Let’s continue talking about some personal terms and memes. Today’s is called “The Theme Park Effect”. (I don’t really call it that but I don’t want to name-drop any specific companies.) And the concept is as follows; if you can slowly lower the OPEX, even if it impacts quality, and it doesn’t really effect your revenue, then you are going to be incentivized to continue to do so (because it will improve your margins). From the “theme park” anecdote, think of it like this. Let’s say you run a theme park. And let’s say you cut labor costs by 20%, and the impact is the bathrooms only get cleaned every 90 minutes instead of every 30. A slight noticeable drop in quality, and yet your year-over-year attendance continues to rise. If you are measuring your theme park success as your net profit on your P&L, this is a win!

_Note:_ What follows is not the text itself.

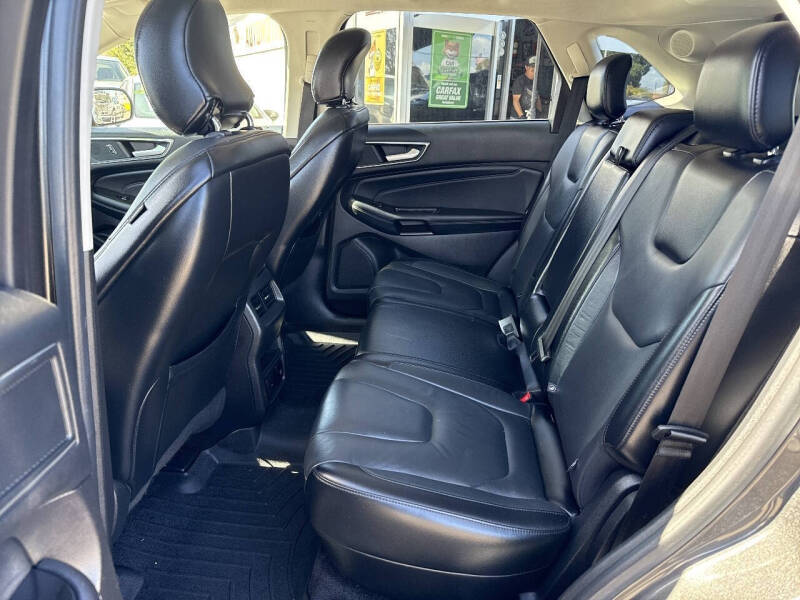 2017 Ford Edge Titanium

Now obviously this is dangerous from the perspective of, this is short-term thinking. You are sacrificing long-term business health with the lure of short-term margin improvements. Eventually, the drop in quality will feed back and you will lose customers, and thus revenue. But if all you are worried about is short-term P&L numbers for your stock price (or your performance bonus), then it doesn’t matter to you. You just cash out and leave when the number finally start to drop.

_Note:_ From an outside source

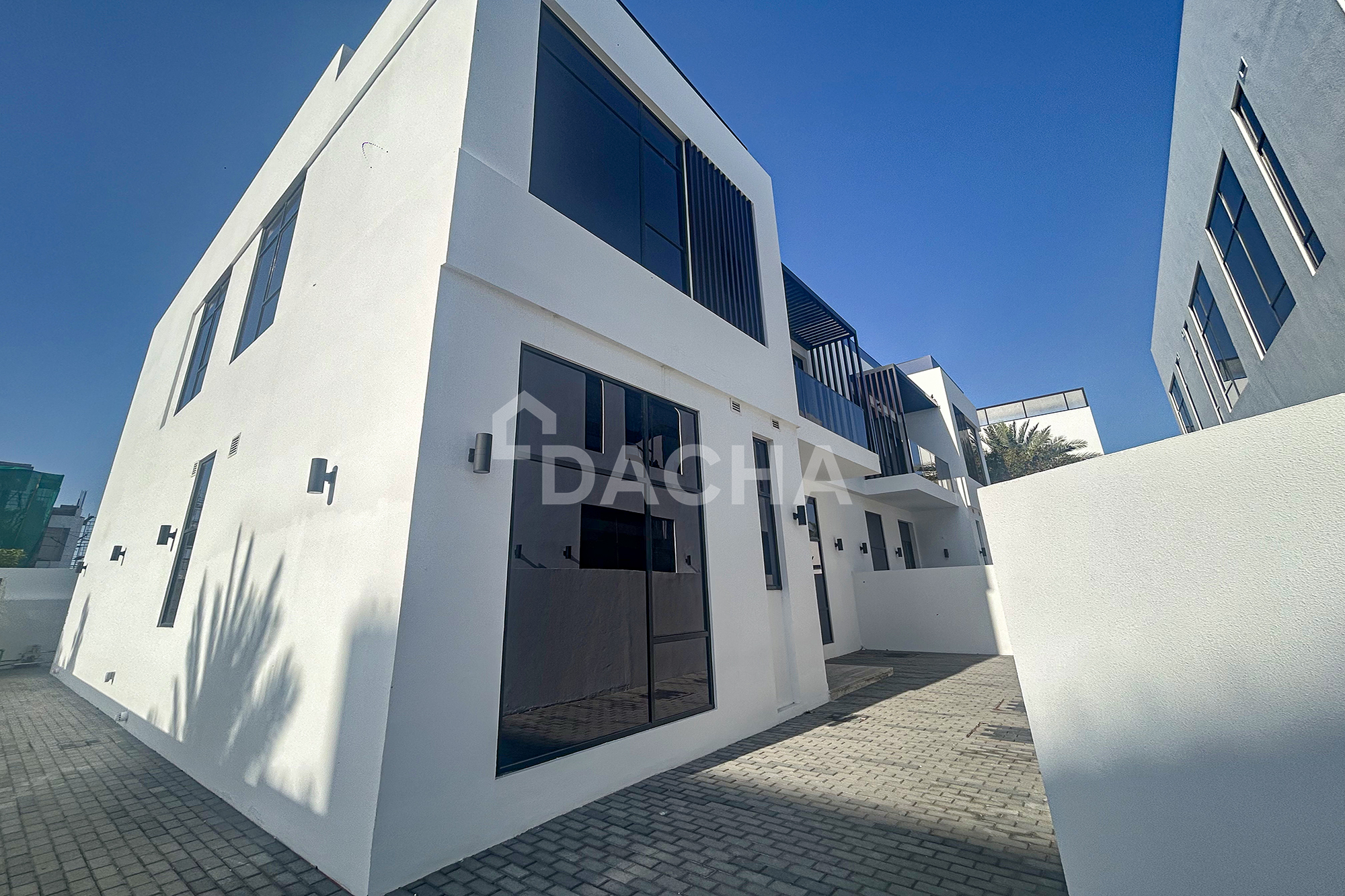 Beachside Villa | Brand New | Modern Finish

There’s a cautionary saying that goes with this: “Don’t let short-term employees make long-term decisions.” And this anecdote above is exactly why. Your short-term employees will make decisions that impact the organization years in the future, but they don’t care because it won’t affect them.
For publicly-traded companies this is obviously a really hard problem to address. The only solutions I can think of that I’ve heard of are being an employee-owned company, or being not publicly traded and instead family-owned. I’d be fascinated to hear from anyone that has any other ideas, or knows of any approaches that have been published or evangelized.